== Aim of the task ==
What you return should be only the lines in the entries below between the one holding "GUCCI New Signoria tuxedo suit outlook" and the one holding "Okładka DISTURBED - ASYLUM", ends included, with every picture left out.

== Exercise inputs ==
- Opening Delimiter -

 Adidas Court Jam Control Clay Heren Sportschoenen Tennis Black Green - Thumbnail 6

- Closing Delimiter -
- Opening Delimiter -

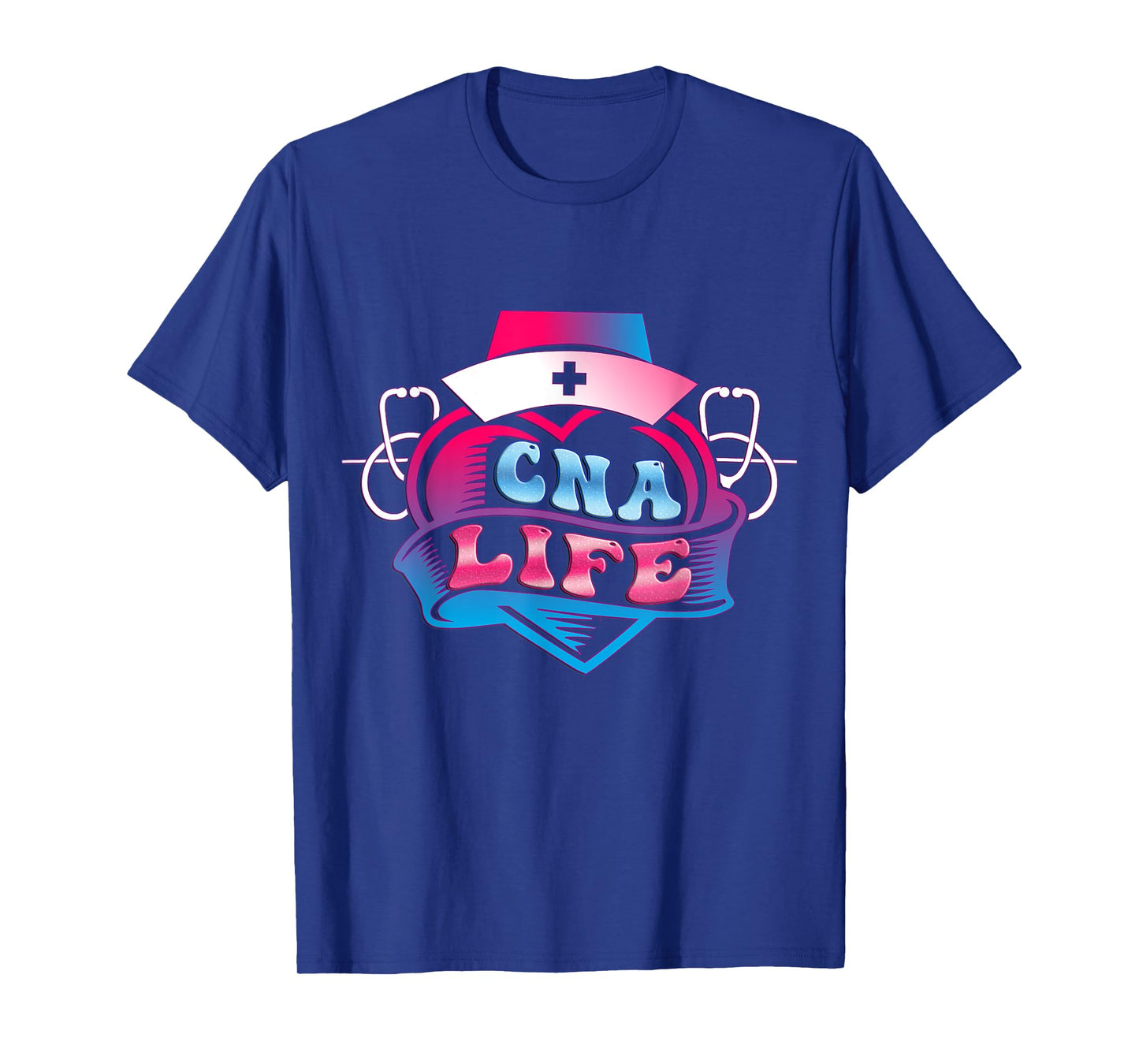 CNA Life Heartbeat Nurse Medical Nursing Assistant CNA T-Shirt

- Closing Delimiter -
- Opening Delimiter -

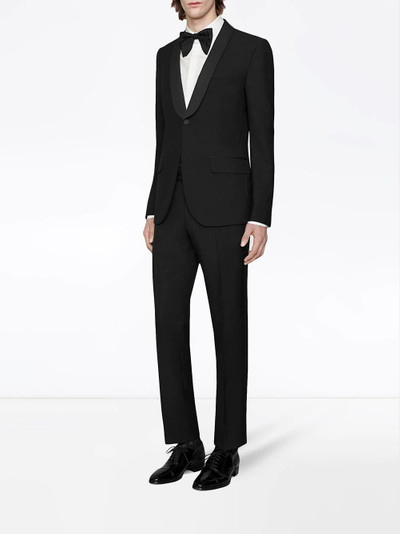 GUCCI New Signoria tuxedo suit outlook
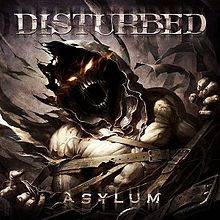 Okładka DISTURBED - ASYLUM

- Closing Delimiter -

== Answer section ==
 GUCCI New Signoria tuxedo suit outlook
 Okładka DISTURBED - ASYLUM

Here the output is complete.